Debbie Drechsler’s semiautobiographical Daddy’s Girl first ran as a series of strips in the New York Press in the early 90s. Published in book form in 1995, the graphic novel was nominated for an Ignatz Award but was sold only in comic-book stores and fell out of print. Its reissue in hardcover speaks to the lasting quality of the material and should act as a reminder that, despite the large number of similar memoirs and graphic novels published in recent years, the original strip was groundbreaking in its frank depiction of sexual abuse.
That Daddy’s Girl is a troubling read is evident from the second page, in which a young girl is forced to perform a sex act on her father while her sister sleeps (or doesn’t) nearby. The book draws on Drechsler’s own early experiences to unsettling effect, informing the frightened childhood and troubled adolescence of a girl named Lily. Haunted by her father’s abuse and locked in a combative relationship with her mother, Lily attempts to navigate school, a move to a new town, boyfriends, and friendship, never quite sure of herself and her place in the world. An unconnected story, “Sixteen,” is also included in the book. The tale features Franny, a teenager with a budding literary talent that leads indirectly to friendship with a trio of stoners and their drug dealer, and from there to personal disaster.
Drechsler’s drawings combine childlike shapes with heavy, curved lines and crosshatching. Lynda Barry’s influence is evident in the lines and compositions, especially in the bittersweet “Constellations,” the one story rendered in color. Elsewhere, the stark black-and-white, woodblock-style forms are reminiscent of Julie Doucet’s bold, exaggerated line work. Drechsler’s expressionist style both enhances and contrasts with her characters’ attempts to cling to innocence and identity in the face of personal horror.
Daddy’s Girl can be unrelentingly bleak, with Lily’s abuse and near-crippling self-doubt constantly reinforced by her mother’s coldness. The harrowing assault Franny endures leaves her without even the diversion that her poetry originally offered. There is little lightness or humor to be had in these situations, and the book might be completely overwhelming if not for its moments of grace: Lily’s friend Claudia taking her to see deer and eat wild strawberries, the girls tickling Lily’s sisters in mock punishment for eavesdropping, and the closing four-panel vignette, “Friends in the Night,” in which a girl finds a retreat in the distant sounds of a shortwave radio, “trying to find the very farthest station I can pick up . . . and pretending I’m there instead of here.”

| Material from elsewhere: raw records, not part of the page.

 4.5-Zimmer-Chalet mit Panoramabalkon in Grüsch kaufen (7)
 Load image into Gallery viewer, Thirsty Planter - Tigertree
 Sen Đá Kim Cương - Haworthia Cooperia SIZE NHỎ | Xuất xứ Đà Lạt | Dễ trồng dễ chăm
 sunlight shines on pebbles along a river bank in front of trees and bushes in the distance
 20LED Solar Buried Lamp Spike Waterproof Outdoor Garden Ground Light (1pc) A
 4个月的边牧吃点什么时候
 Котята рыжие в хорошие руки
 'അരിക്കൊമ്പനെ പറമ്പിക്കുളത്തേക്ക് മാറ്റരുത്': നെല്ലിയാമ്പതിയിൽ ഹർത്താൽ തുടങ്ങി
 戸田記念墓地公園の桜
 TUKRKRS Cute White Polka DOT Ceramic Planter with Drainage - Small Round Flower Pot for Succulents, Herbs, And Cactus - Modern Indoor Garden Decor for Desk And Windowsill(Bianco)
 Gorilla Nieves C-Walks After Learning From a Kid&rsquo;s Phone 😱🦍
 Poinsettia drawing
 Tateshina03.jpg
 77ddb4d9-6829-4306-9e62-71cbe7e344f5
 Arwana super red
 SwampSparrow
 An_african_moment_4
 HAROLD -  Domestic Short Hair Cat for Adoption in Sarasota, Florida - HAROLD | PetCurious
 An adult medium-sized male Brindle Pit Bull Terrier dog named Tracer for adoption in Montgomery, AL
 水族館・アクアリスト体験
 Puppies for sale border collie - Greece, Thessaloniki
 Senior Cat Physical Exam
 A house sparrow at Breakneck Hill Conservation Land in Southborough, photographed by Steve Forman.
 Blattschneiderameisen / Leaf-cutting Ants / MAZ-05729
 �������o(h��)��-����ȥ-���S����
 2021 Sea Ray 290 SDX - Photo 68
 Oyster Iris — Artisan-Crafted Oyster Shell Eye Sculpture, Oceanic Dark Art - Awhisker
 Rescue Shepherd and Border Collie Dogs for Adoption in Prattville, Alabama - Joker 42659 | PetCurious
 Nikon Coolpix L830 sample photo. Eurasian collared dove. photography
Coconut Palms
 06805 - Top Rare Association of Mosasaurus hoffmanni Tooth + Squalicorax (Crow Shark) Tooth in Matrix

The thirteen years since Daddy’s Girl was first collected have seen a deluge of memoirs and semiautobiographical fiction with no shortage of shocking and distressing material. Kathryn Harrison’s The Kiss (1998) comes to mind, as does Phoebe Gloeckner’s Diary of a Teenage Girl (2002). Drechsler’s work stands alongside these books on its own merits; that Daddy’s Girl was written and drawn at all makes explicit the possibility of escape implicit in Lily’s artistic talent and the art prize that she wins: “I guess I’ll never be a very good person but at least I might become a great artist . . . so, then my life won’t be a complete waste, right?”